Status: Proposed Date: 2026-06-12 Deciders: PatrickJS Index: Design decisions Depends on: ADR-0001 (agent steps)
Proposed design. Nothing here is a shipped behavior claim; claims and tests land with the implementation per AGENTS.md.
AGENTS.md mandates a review discipline that is currently entirely manual: before a tranche is complete, a second agent or fresh session runs with the objective “find where the implementation betrays README.md and docs/, and prove it empirically with a scratch pipeline.” The reviewer falsifies; it does not confirm. This discipline exists because self-verification failed here before — checks passed while promises broke.
Today this works through prompt copy-paste and goal-directory receipts (goals/*/state.yaml records a worker/judge pattern). Nothing in the pipeline knows the review happened, what it examined, or what it found. The claims registry (tests/claims.json) makes claim→test existence checkable mechanically; the reviewer owns sufficiency — whether the test actually exercises the promise.
Forces: ADR-0001 provides policy-bounded agent tasks with transcripts; source composition already provides scratch checkouts (.async/sources warm clones) for many-repo runs; an adversarial reviewer needs read access plus the ability to run things in a scratch copy, but must never gain write access to the tree under review; a falsification objective is only credible if the reviewer’s failures block something.
Productize the discipline as a documented pattern — an agent() task with a falsification prompt, a scratch source checkout, and a structured receipt — shipped first as an example, promoted to a primitive only if the pattern stabilizes.
review job, not a new core concept. A pipeline declares a review job whose task is agent() with: a scratch checkout of the repo at the candidate commit (reusing source machinery), command policy granting read tools plus the project’s own verification commands inside the scratch copy only, and the claims registry as declared input.upheld with the exercising command, or falsified with a reproduction..async/runs/<run-id>/review.json: claims examined, verdicts, reproduction commands, transcript reference.

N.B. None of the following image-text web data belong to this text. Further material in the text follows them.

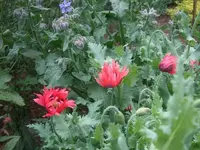k-DSCF0029.webp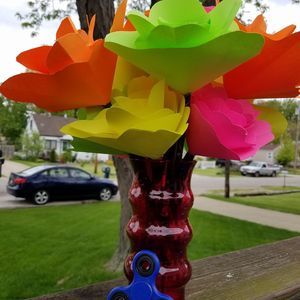 Meet your Posher, Sandy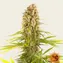 Blue Cheese - Image 5
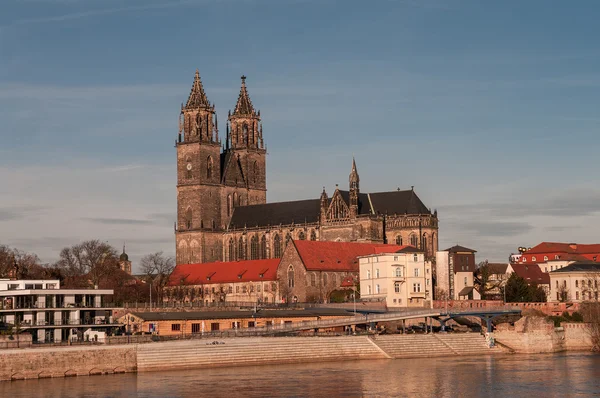 Cattedrale di Magdeburgo all'alba in inverno, Germania — Foto Stock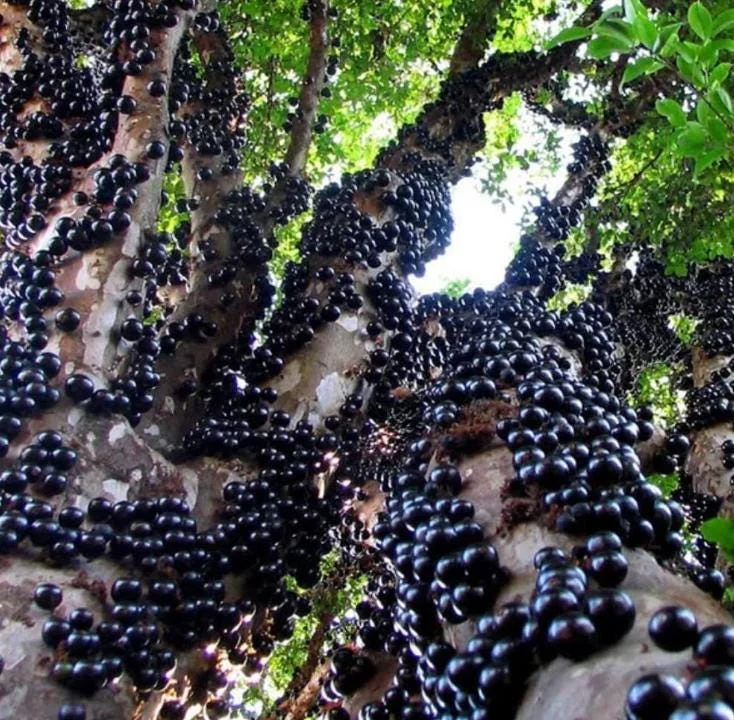 Jaboticaba Live Plant – Tropical Fruit Tree – 1 ft Tall Starter – Rooted in Soil - Image 3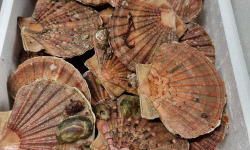 Saint Kerber - Cancale - Coquilles Saint Jacques de Saint Malo 3kg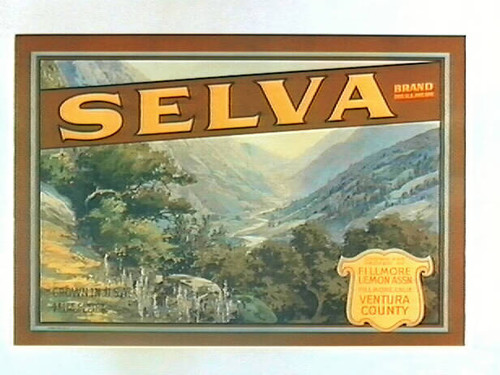 Selva Brand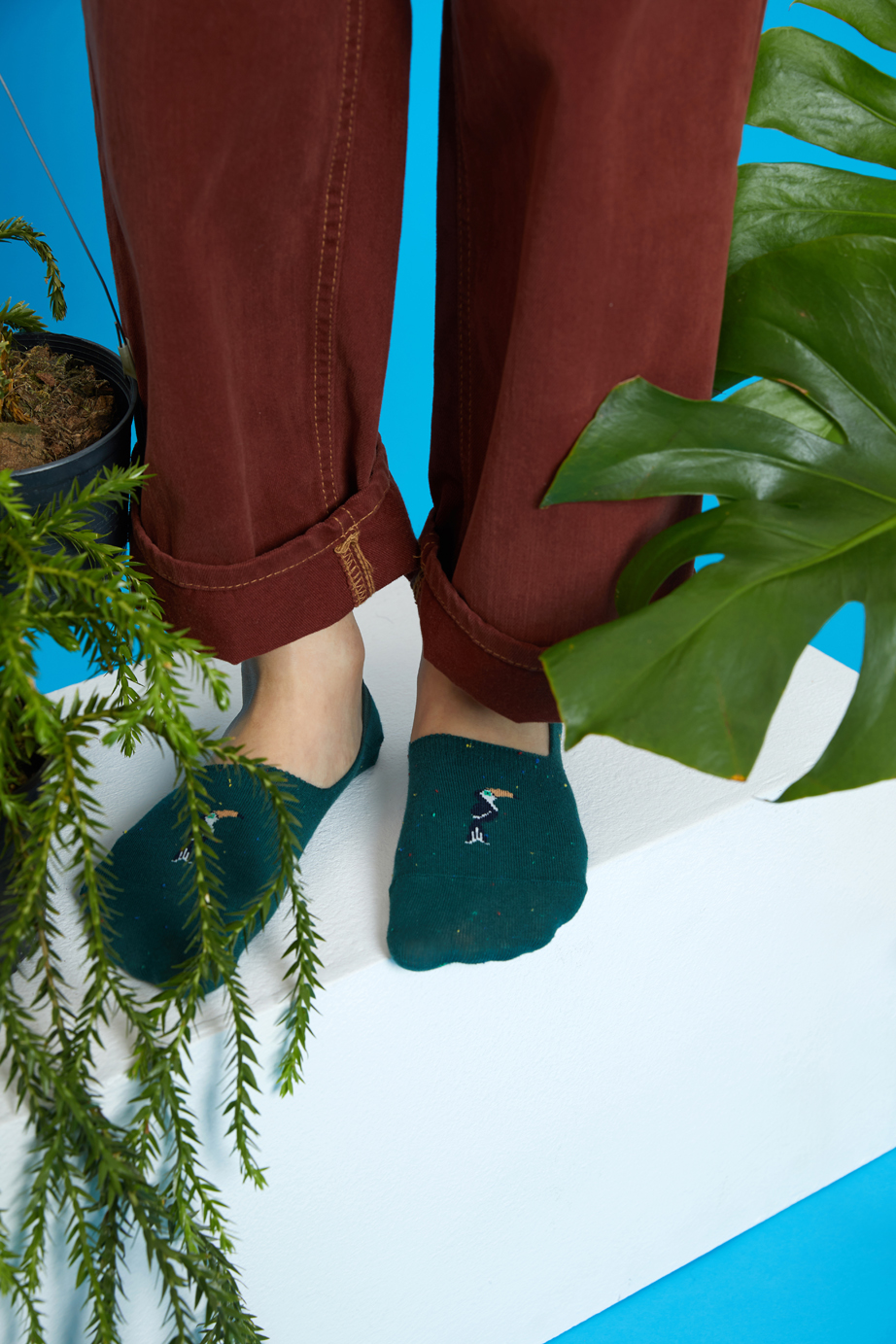 ジャングルフレンズ フットカバーシリーズ22.5-27.5cm ユニセックスフリーサイズ｜ソックス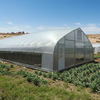 Single Span Film Greenhouse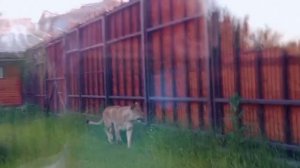 TXKA3367_22.06.2026_Видео от Светланы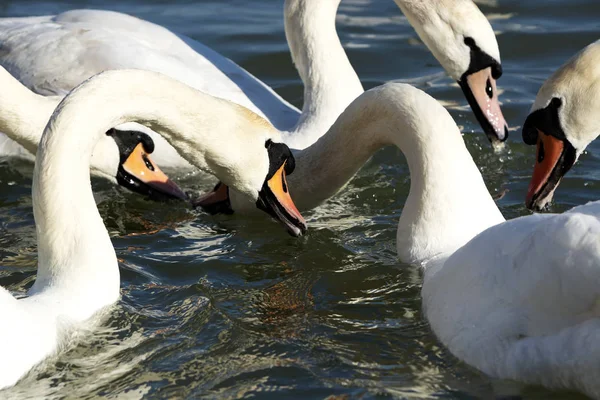 Cigni Lago Balaton Ungheria — Foto Stock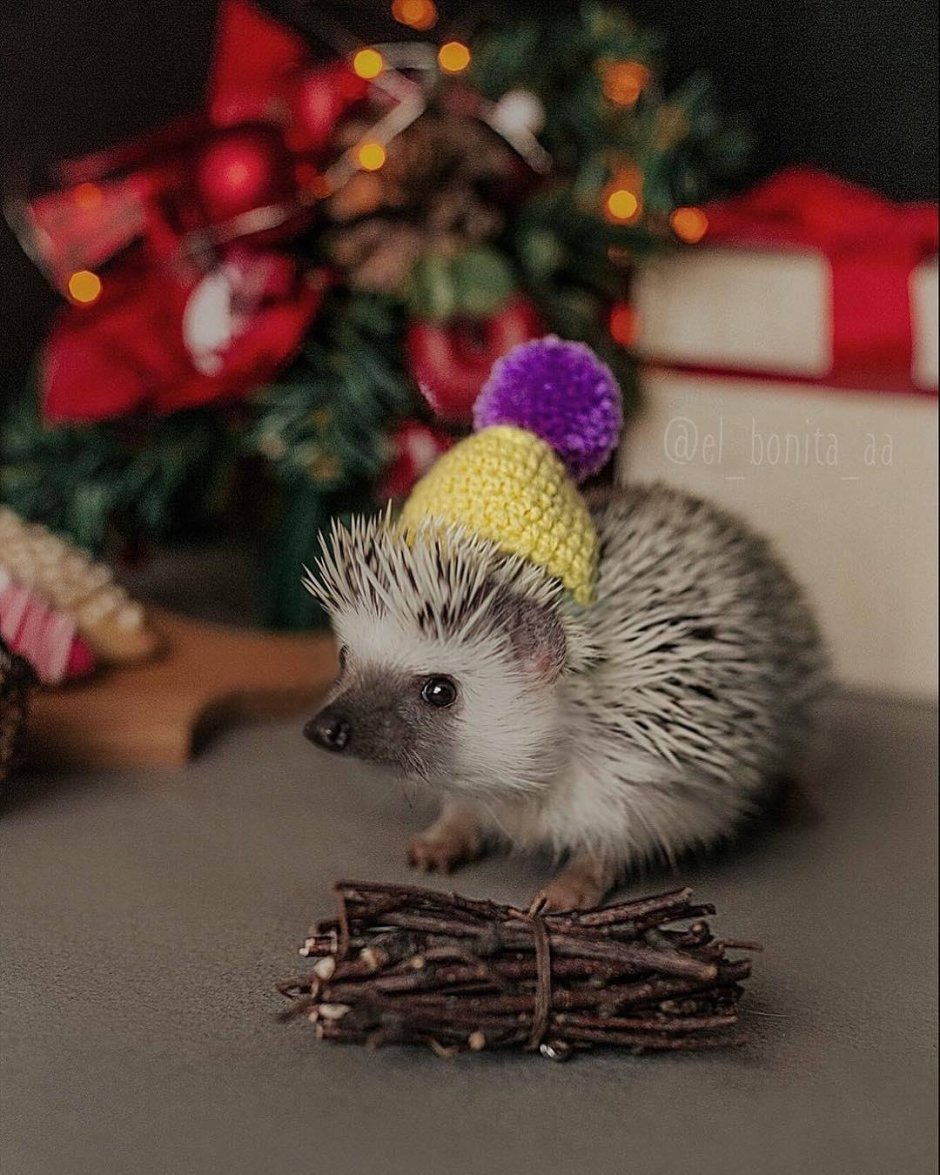 Новогодний Ежик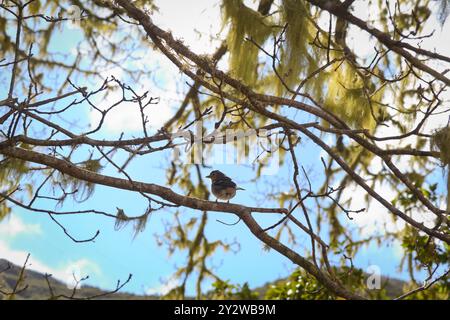 A Chaffinch In A Tree Foraging On The Stretch Of Levada Das 25 Fontes In Madeira Stock Photo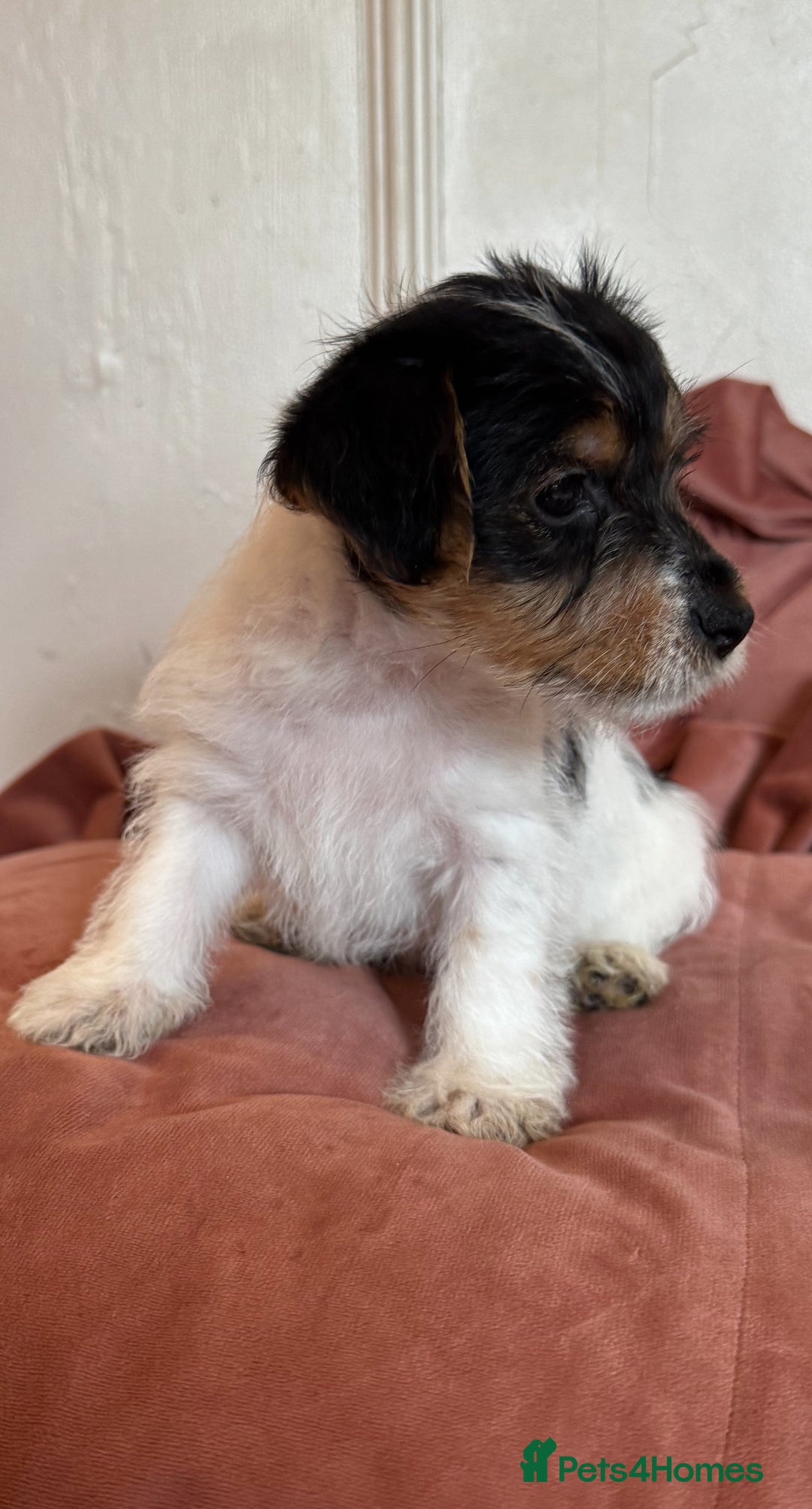 Jack Russell dogs for sale: last little girl - Image 3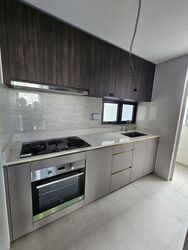 Riverfront Residences (D19), Apartment #430835911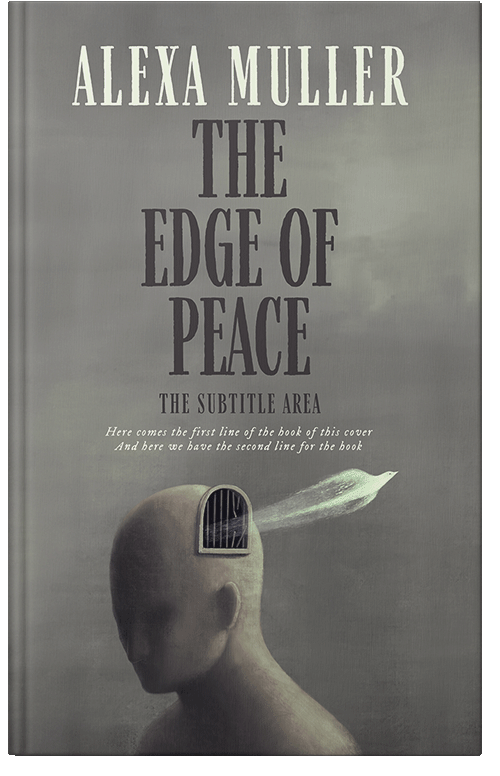 Front view of Friar Gray #15034 - Premade Politics & Law & Society Book Cover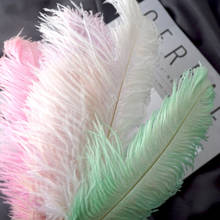 20-25cm Natural Ostrich Feathers Colorful Home Wedding Party Decoration Plume for Crafts 20/50 Pcs Wholesale Feather Ostrich 2024 - compre barato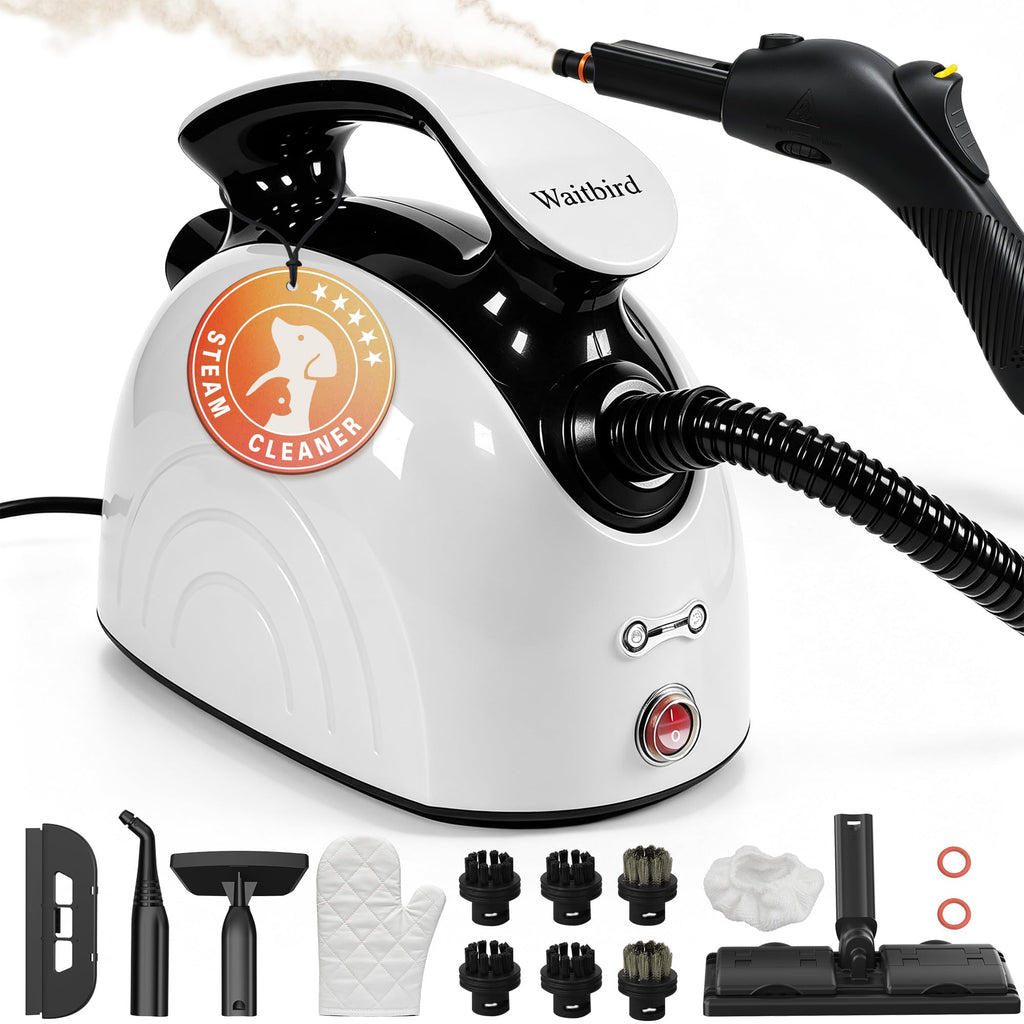 4.5 Bar 300°F Steam Cleaner Z152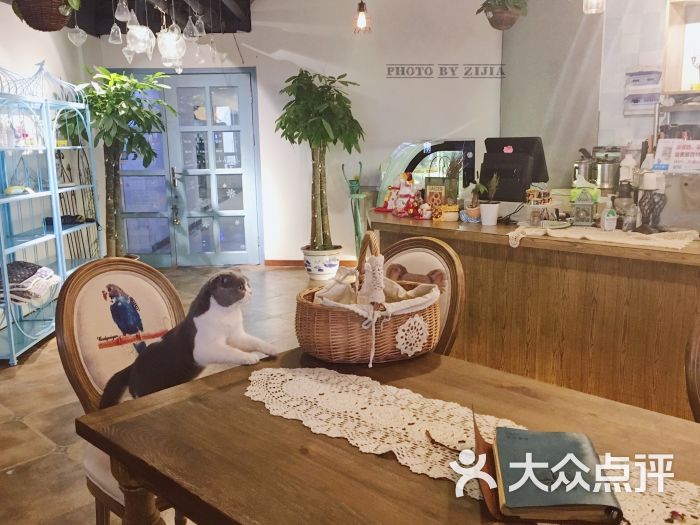 共舞时光猫咪咖啡馆图片 - 第6张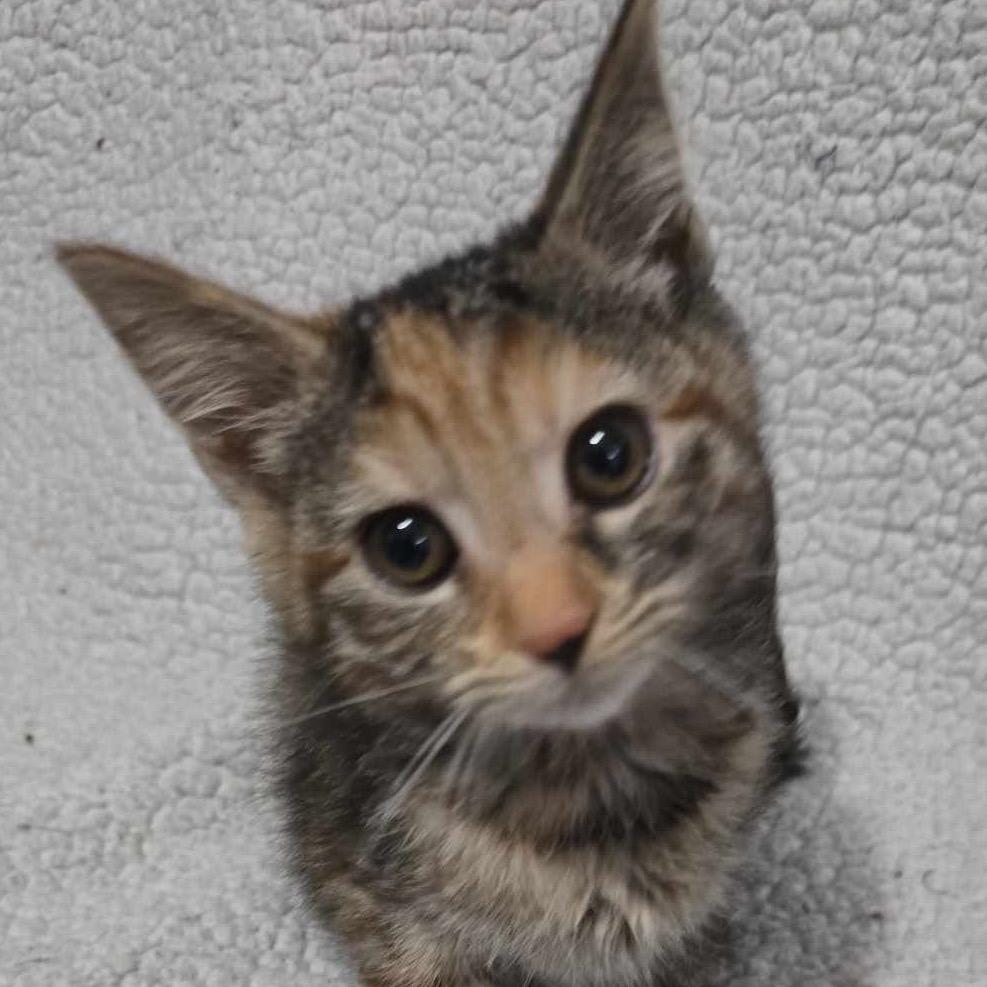 Enlarge Patches, a Adoptable Domestic Short Hair in Ringtown, PA image 4/4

A falsified verdict fails the task — and therefore the job — so review findings block exactly like test failures.| Dimension | Assessment |
|---|---|
| Complexity | Low — composes ADR-0001 + existing sources |
| Rigidity | Low — prompt and policy iterate per repo |
| Enforceability | Receipt schema checkable; pattern itself opt-in |
| Risk | Reviewer quality varies; pattern may stay bespoke |
Pros: examples are exercised by release:check, so the pattern stays runnable; learns what the receipt schema should be before freezing it; zero new core surface.
Cons: “documented pattern” is weaker than a primitive — drift across adopters; receipt schema informal until promoted.
review primitive in core now| Dimension | Assessment |
|---|---|
| Complexity | Medium-high — new job kind, receipt schema in record shape |
| Rigidity | High — schema freezes at 1.0 |
| Enforceability | Strong — schemaVersion-ed receipts, standard CLI |
| Risk | Freezing a shape designed from one repo’s experience |
Pros: receipts become portable evidence across projects; tooling (badges, dashboards) gets a stable target. Cons: this repo is the only known user of the discipline; designing the frozen schema from n=1 is how surfaces end up wrong at 1.0.
| Dimension | Assessment |
|---|---|
| Complexity | Zero |
| Rigidity | None |
| Enforceability | None — discipline lives in AGENTS.md prose |
| Risk | The known one: skipped or shallow reviews leave no trace |
Pros: maximum reviewer freedom; no machinery. Cons: unfalsifiable process — nothing records whether the adversarial pass happened or what it covered; the discipline’s own standard (“prove it empirically”) applied to itself fails.
C fails the repo’s own bar: a review discipline whose execution leaves no evidence is exactly the kind of claim AGENTS.md distrusts. B is premature standardization — the receipt schema worth freezing is the one that survives contact with real reviews, and there has been exactly one project’s worth of those. A is the falsifiable middle: the pattern ships as a runnable example (so it cannot rot silently), receipts accumulate, and promotion to primitive happens with schema evidence in hand.
The sharpest open question in A is reviewer independence. A reviewer agent configured by the same pipeline.ts it reviews could be steered by a malicious or sloppy change (weakened prompt, narrowed policy). Mitigation in the pattern: the review job’s prompt and policy live in a file the review task declares as input, so tampering dirties the review and is visible in the diff — imperfect, honest about being so.
examples/adversarial-review/ exercised by the examples test, with a mocked agent (command.mock) proving the receipt path and failure propagation without a model in CI.review.json shape; collect real receipts from this repo’s own tranches.